Ms Lynch said: “I want everyone to know of the cruelty and suffering endangered Asian elephants go through due to misinformed holidaymakers paying for elephant entertainments at many tourist attractions. People wrongly assume the elephants are trained humanely. “So often they have no idea the Asian elephant species is threatened with extinction.”

We must stop the ruthless treatment of these sentient creatures who feel pain, suffering, terror and loneliness in captivity

Harry Potter star Evanna Lynch

Captive elephants are often poached from the wild when they are calves to be “trained” for attractions such as giving rides, festivals, circuses, parades and working at temples.

Witnesses said each animal is isolated in a wooden “crushing” cage, starved, sleep-deprived, hit with iron bars, planks and spikes, and beaten into submission. This “pajan” process is so violent it is believed more than half of the young elephants die during or after it.

Their ankles often become painfully infected from where they have been chained.

The torment can lead elephants to attack tourists, sometimes fatally. Duncan McNair, chief executive of Stae, said he believed it was illegal not to warn tourists of the dangers they face.

The letter to Downing Street calls for the government to step in (Save the Asian Elephants)

“I’ve yet to meet anyone in the west who thinks it’s a good idea to beat and torture baby elephants,” he told The Independent.

He said although they were expecting some resistance from those with a vested commercial interest, the huge support for an advertising ban made it an obvious step to take.

David Cameron promised in 2015 to help India improve elephant welfare and now that time is running out the Brexit talks should not stand in the way of government action, Mr McNair said.

“Some ministers say a great majority of 52 per cent voted for Brexit but in this, 89 per cent backed urgent action. We’ll be talking to Labour about this too. The Conservatives must not have their clothes stolen on it.
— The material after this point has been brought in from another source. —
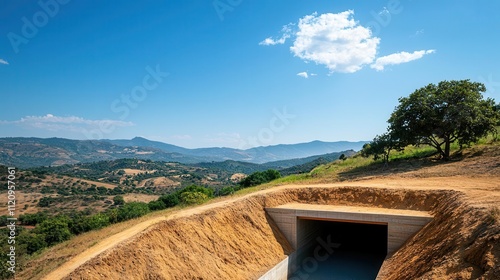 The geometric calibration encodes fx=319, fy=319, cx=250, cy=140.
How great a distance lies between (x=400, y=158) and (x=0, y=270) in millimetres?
34984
I would be deeply shocked if we didn’t get a positive response from Michael Gove.”

Asian elephants have been on the IUCN Red List of endangered species since 1986 after the population plummeted from millions in the late 19th century to fewer than 40,000 worldwide, of which one in four is captive.

The letter to Ms May says: “This wondrous, ancient species now stands in our lifetime exhausted, beaten and broken, at the end of its long journey, on the very precipice of its existence. Your influence and that of your Defra secretary of state could now yield results to announce to international acclaim at this October's lllegal Wildlife Trade conference in London, and to show UK global leadership, before it is too late.”

A poll for Save the Asian Elephants, taken in June, found 89 per cent of people believed the pajan training for the tourism industry was unjustified and 87 per cent would avoid a tourist experience if they discovered the elephants had been treated badly.

As well as the 200,000-strong petition, another 2.6 million people have signed similar petitions against the cruelty.

The new campaign is being launched to coincide with World Elephant Day next Sunday.

A Defra spokesperson said protecting elephants was a government priority, adding: “We take the plight of Asian elephants seriously, which is why we recently met Save the Asian Elephants to discuss what more we can do. The Illegal Wildlife Trade Conference in London later this year will offer us a chance to discuss what action can be taken to support these majestic animals.”